Тогда она с иронией спросила меня, не забыл ли я про приказ об обязательной сдаче оружия.
— А что, в этом возникла необходимость? — спросил я вежливо, чтобы опередить ее признание, и уже наперед допуская, что в таком случае мне придется кардинально смягчить строгий приговор военного суда, а то и вовсе отменить его.
— Ах нет, я не имею этого в виду, — сказала она, будто читая мои мысли. — Я знаю, что вы могли бы дорого поплатиться за такую поблажку, — продолжала она, стягивая перчатку и с другой руки. — Напротив, я пришла предостеречь вас.
— Буду вам признателен, — ответил я как можно приветливее, надеясь, что все это лишь словесная игра, цель которой состоит в том, чтобы как-то сблизить нас, создать атмосферу интимности.
— Я знаю человека, который умышленно прячет оружие, — заявила она в ответ, глядя на меня прямо и открыто, чтобы у меня не осталось сомнений в ее честности.

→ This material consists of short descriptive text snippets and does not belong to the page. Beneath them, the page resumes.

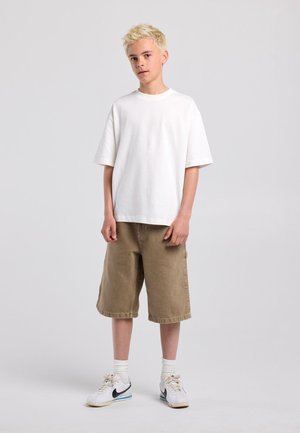 Blonder Teenager-Junge steht, trägt ein locker sitzendes weißes Kurzarmhemd, knielange braune Shorts, weiße Socken und weiße Nike-Sneaker.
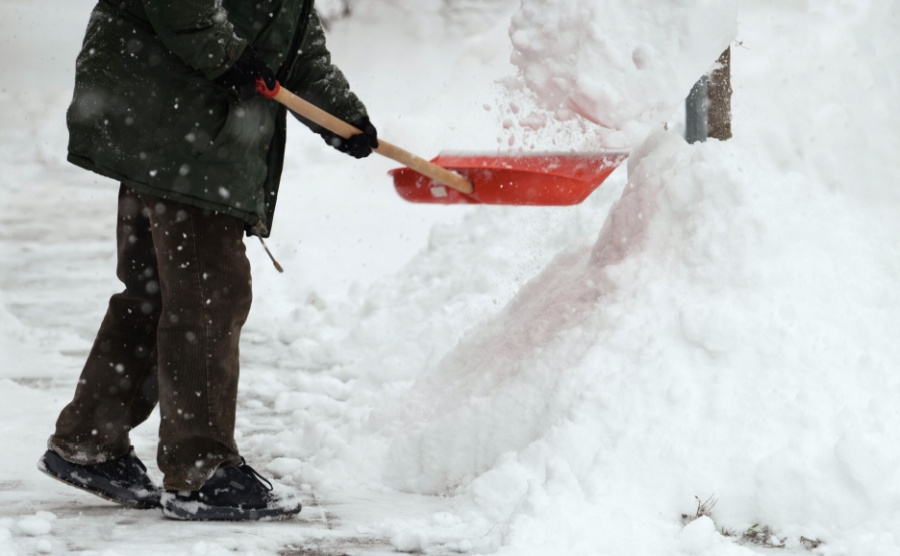 A person using a shovel to clear back snow banks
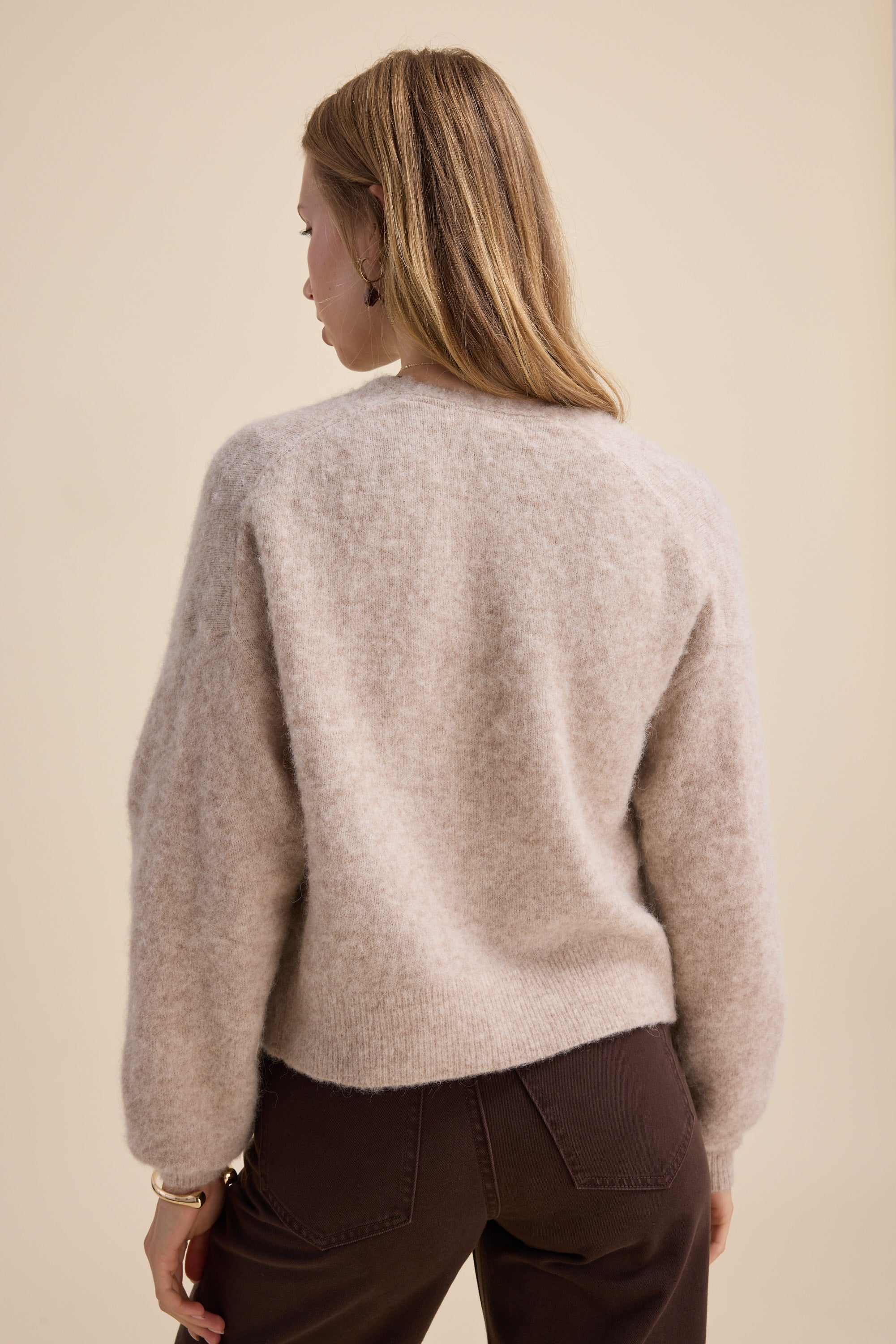 Woman in Max’s The Ultimate Luxe Cardigan, beige, with dark brown pants against a plain background.
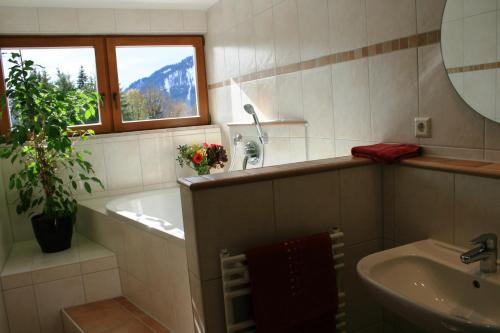 韦尔塔赫埃尔彭霍夫瑞特瓦利酒店的一间带水槽和浴缸的浴室以及窗户。
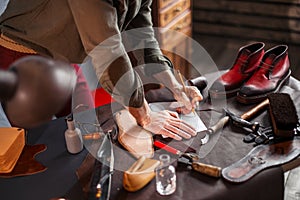 Cobber`s hands with a pencil on a desk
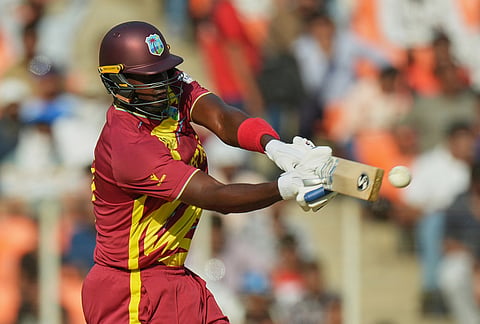 West Indies' Jason Holder plays a shot during the T20 World Cup cricket match between South Africa and West Indies in Ahmedabad.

Разумеется, это было чересчур. Ничего подобного я от нее не ожидал. Я не сразу нашел слова, которые хоть немного смягчили бы мое изумление: мог ли я предполагать, что такая благородная дама унизится до доноса! И при этом я сознавал, что попал в неприятную ситуацию. Издав приказ об обязательной сдаче оружия, я не рассчитывал на то, что мне придется принимать крайние решения. Люди будут достаточно умны, говорил я себе, они не дадут повода для принятия крайних мер. Одни подчинятся приказу, другие испугаются и хотя бы будут достаточно осторожны во время моего пребывания здесь. Но я, как видно, просчитался. Я не предполагал, что появятся доносчики. Эта дама хотела испытать меня. Надо было действовать решительно, быстро и безжалостно. А я испугался этого. Нет, военная служба еще не настолько испортила меня, чтобы я с легким сердцем принял на себя роль убийцы. Я все еще слишком высоко ценил человека, хотя и видел уже его униженным. Всякий раз, когда возникала опасность, что мне придется поступиться своим человеческим достоинством, меня охватывал ужас. И сейчас это, видимо, ясно отразилось на моем лице.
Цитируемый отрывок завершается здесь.